## Aim of the exercise
Find the line with "1946 George VI" in the data below. Repeat it and every line after it exactly, but not the pictures.

▼

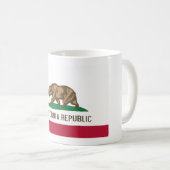 Bärenflagge der Republik Kalifornien: Cali Golden  Kaffeetasse (VorderseiteRechts)
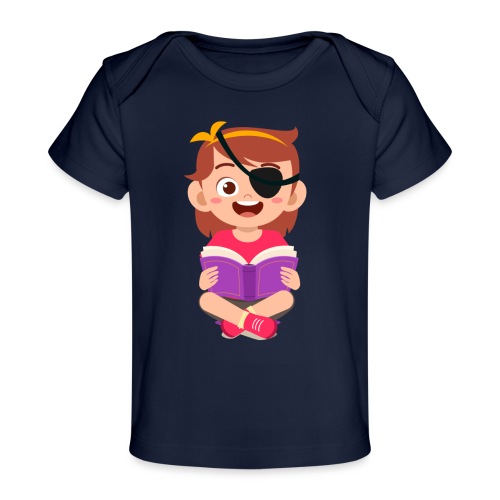 Little girl with eye patch - Baby Organic T-Shirt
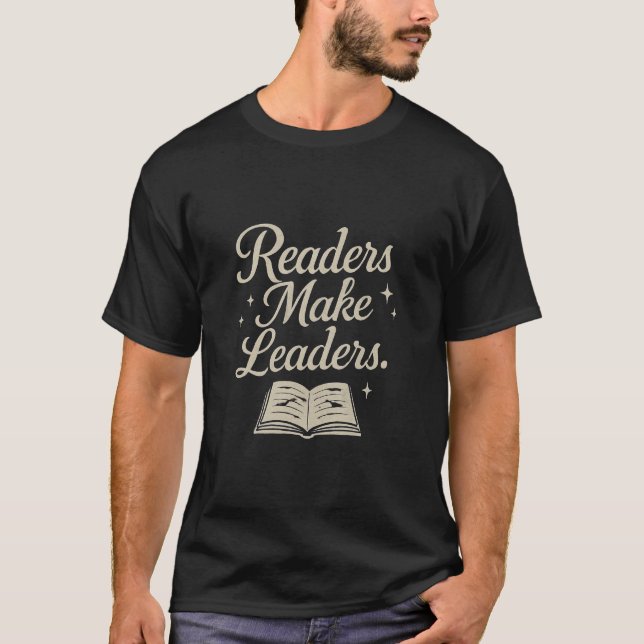 T-shirt Les lecteurs font des leaders une citation motivat (Devant)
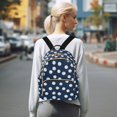 thumbnail image 7 of FORMRS Mini Backpack Purse for Women Quilted Travel Daypack Casual Shoulder Bag, Navy Blue Baseball Pattern, 7 of 7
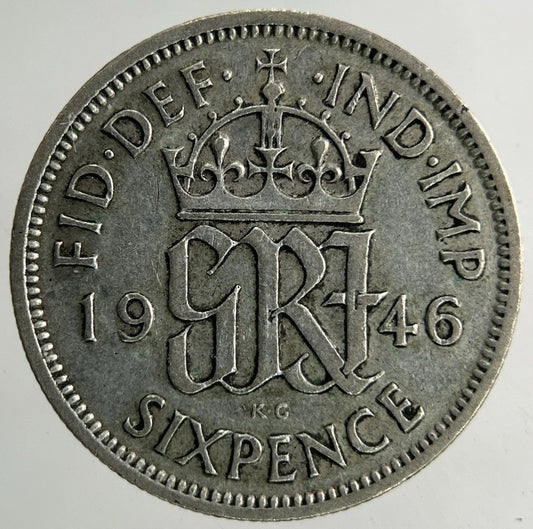 1946 George VI Sixpence Silver Coin | Fine Collectable Grade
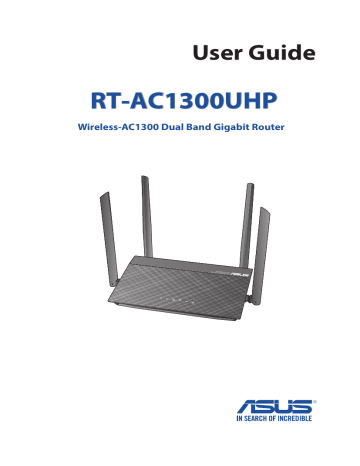 Asus RT-AC1300UHP 4G LTE / 3G Router User's manual | Manualzz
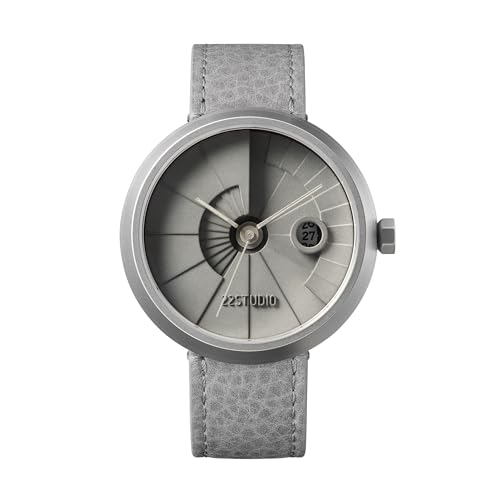 22STUDIO 4D Concrete Watch Decade Anniversary Edition | Limited Edition Luxury Watch | Premium Stainless Steel & Concrete (Concrete Grey)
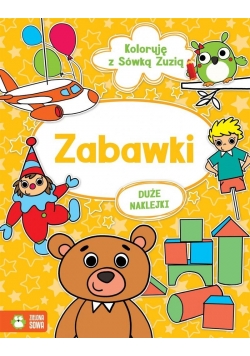 Koloruję z Sówką Zuzią. Zabawki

▲

## Exercise answer
 1946 George VI Sixpence Silver Coin | Fine Collectable Grade
 Asus RT-AC1300UHP 4G LTE / 3G Router User's manual | Manualzz
 22STUDIO 4D Concrete Watch Decade Anniversary Edition | Limited Edition Luxury Watch | Premium Stainless Steel & Concrete (Concrete Grey)
 Koloruję z Sówką Zuzią. Zabawki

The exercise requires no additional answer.